16 TOETSINSTELLINGEN AANPASSEN In het onderdeel Toetsen kan aangegeven worden of een toets verplicht gemaakt moet worden of. Bovendien kan het slagingspercentage aangegeven worden en de tijd die beschikbaar is voor de toets. Als de toetsen op verplicht staan, kan een leerling pas naar een volgende les, als de toets van de voorgaande les voldoende gemaakt is. TOEGANG LEERLINGENGEDEELTE Van de URL die toegang geeft tot het leerlingengedeelte kan een menuoptie gemaakt worden, een favoriet of een snelkoppeling op het bureaublad van de leerlingen worden geplaatst.

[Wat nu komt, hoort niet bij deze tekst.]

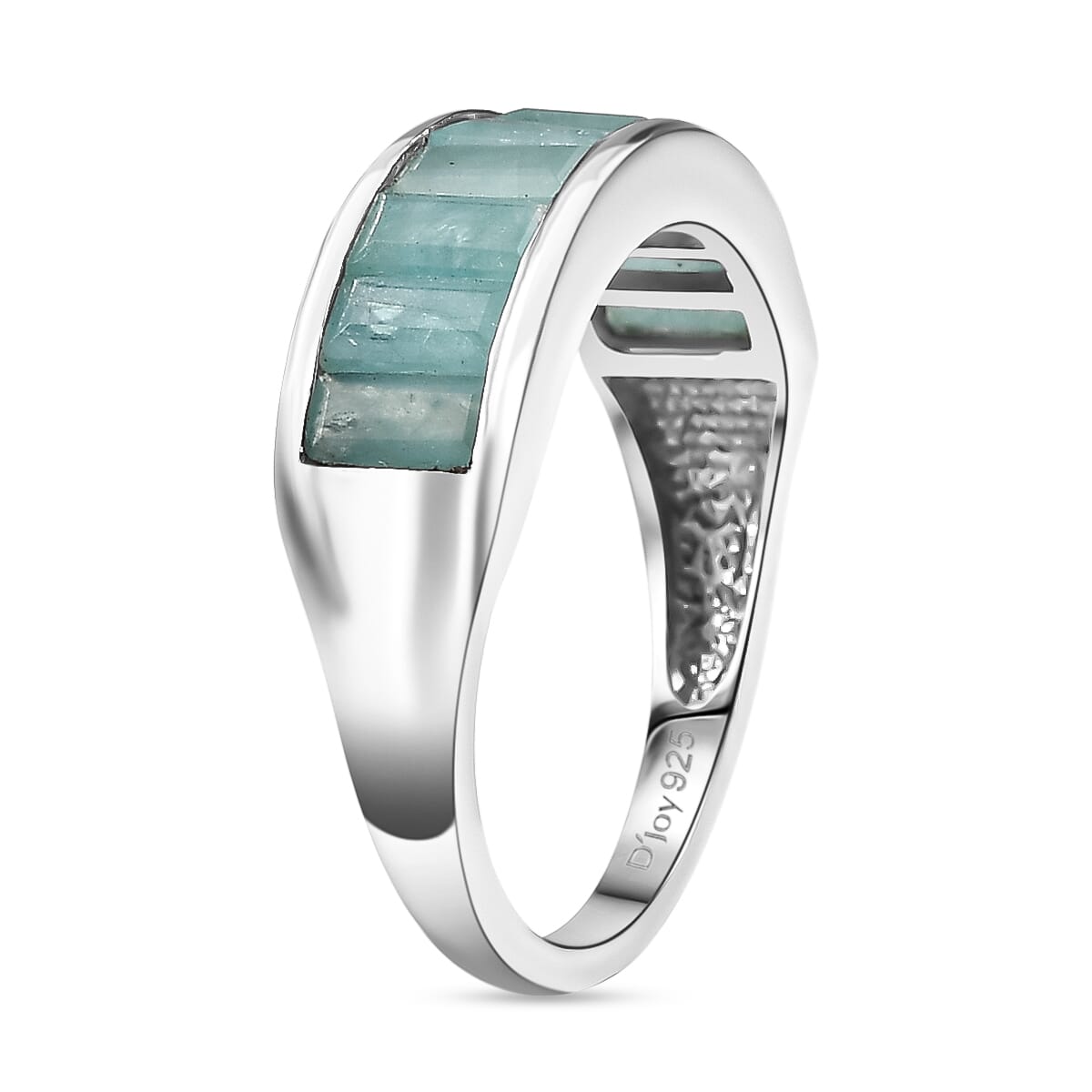 D'Joy Grandidierite 2.15 ctw Band Ring in Rhodium Over Sterling Silver (Size 5.0) image number 3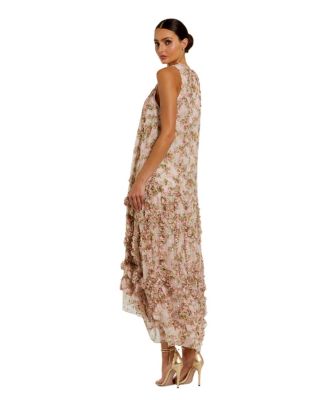 Women's Sleeveless Floral Print Chiffon Micro Ruffle Gown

17 OEFENBESTANDEN Bij het doorwerken van de oefeningen zijn dikwijls oefenbestanden nodig. Deze kunnen geopend worden door in een module op de hyperlink van het bestand te klikken. Bij de module Een stapje verder met de computer kan dit niet. De oefenbestanden die bij deze module horen, zijn gratis te downloaden via www.aabeecee.nl. Kies voor AaBeeCee-Digitaal en vervolgens in het menu voor OEFENBESTANDEN. Deze oefenbestanden kunnen bijvoorbeeld op het schoolnetwerk geïnstalleerd worden, op een door uzelf gekozen plaats. De plaats waar leerlingen deze bestanden kunnen vinden moet met ze besproken worden en het pad moet enkele malen worden geoefend. Daar dit schoolspecifiek is, staat in de leerlingenmodules slechts dat een bestand geopend moet worden. Er staat niet bij waar het te vinden is. Ook het opslaan van bestanden verdient aandacht. In de leerlingmodule staat dat er opgeslagen moet worden in de eigen map. Hoe deze heet en waar deze staat is weer schoolspecifiek en moet van te voren met de leerlingen besproken en geoefend zijn.